Re and Expanding on Jaron Lanier on Closed Source Software

by on January 3, 2008 · 16 comments

(This is in response to a thoughtful post by Adam, who beat me to the punch, and to a controversial recent article (“Long Live Closed-Source Software!“) by the free-thinking Jaron Lanier that Adam discusses.)

No one needs to say “Long live open-source software,” because it is what it is and isn’t going anywhere. Think of it as the ground beneath our feet.

As Lanier explains, closed source is the font of nearly all paradigmatic innovation–the great revolutionary leaps. Open source contributes iterative innovation, such as the best kernel scheduler for variable workloads–this is a problem it is possible to work out slowly, with small changes over a period of years. It is also a problem that doesn’t matter at all to most users–good enough is good enough, though better is, of course, better.

Where the two forms of development come together most interestingly is the use of open source as a stepping stone for closed-source radical innovation. Asus, for example, didn’t have to step forward and create its own OS from the ground up for its EeePC. Even though the thing sports an interface unlike those in most Linux distributions, the underlying guts are the same. Would something like the EeePC even be possible without open source? Could a manufacturer afford to undertake the great expense, and gamble, of working out an OS for itself?
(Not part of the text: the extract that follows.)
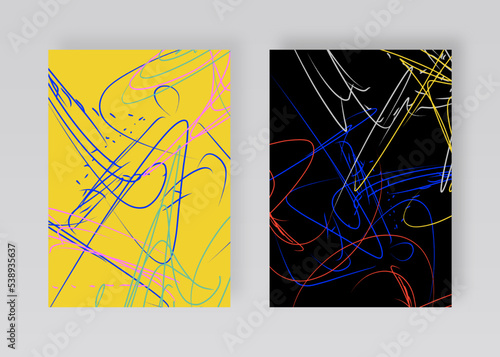 Modern bright colorful posters with abstract chaotic strokes.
Free software lets businesses take chances on projects that would otherwise be too expensive to devise and products that would otherwise be too expensive to market.
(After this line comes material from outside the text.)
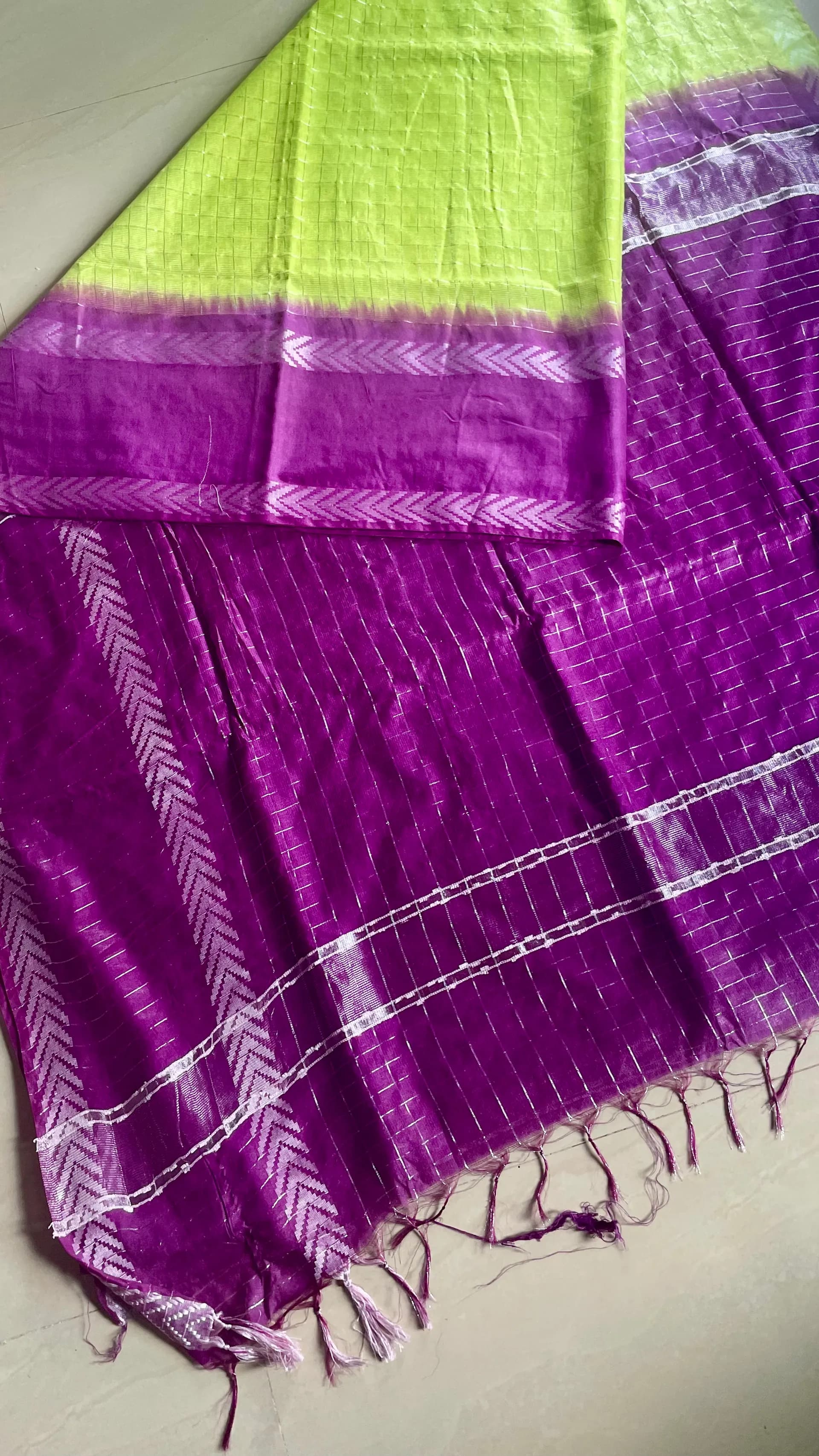 Staple weaving checked double shade soft kota silk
Apple’s OS X is another example, built on the same core (well, nearly) as the open-source FreeBSD OS. Running FreeBSD and OS X are completely different experiences, but again, the guts are the same. And if Apple (or NeXT before it) had had to develop the whole system itself, it probably never would have been built–at least, not in anything like the form we see it today. (Would some of us be running, god help us, Copland?)
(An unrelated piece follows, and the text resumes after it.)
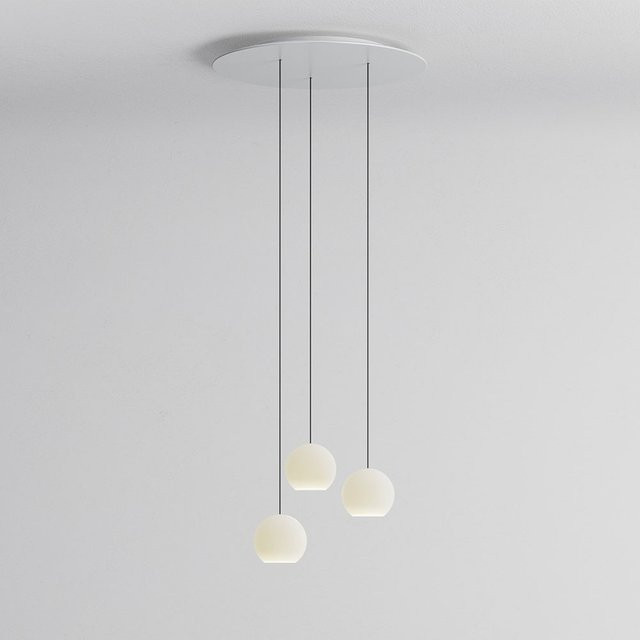 KOMOT KOS Trio S LED-Pendelleuchte rund mit mundgeblasenem Opalglas in Weiß und Schwarz, Tunable White 2200K - 4200K, Durchmesser: 60 cm - Bild 1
My point, which I think jibes with Lanier’s, is that open source establishes a technological baseline that facilitates innovation in more interesting areas. Very few of those innovations, though, are actually done in open source, at least not until they’ve been created in the closed-source world first.

(Even web browsers are an example of this. Today’s Firefox would be instantly recognizable to, and usable by, someone familiar only with Netscape Navigator 3. Most of the changes have been iterative and under the hood. The biggest changes in the browser experience in recent years have been Flash and XMLHttpRequest, both borne of closed-source development, but it was the web’s open standards that made Flash and AJAX possible.)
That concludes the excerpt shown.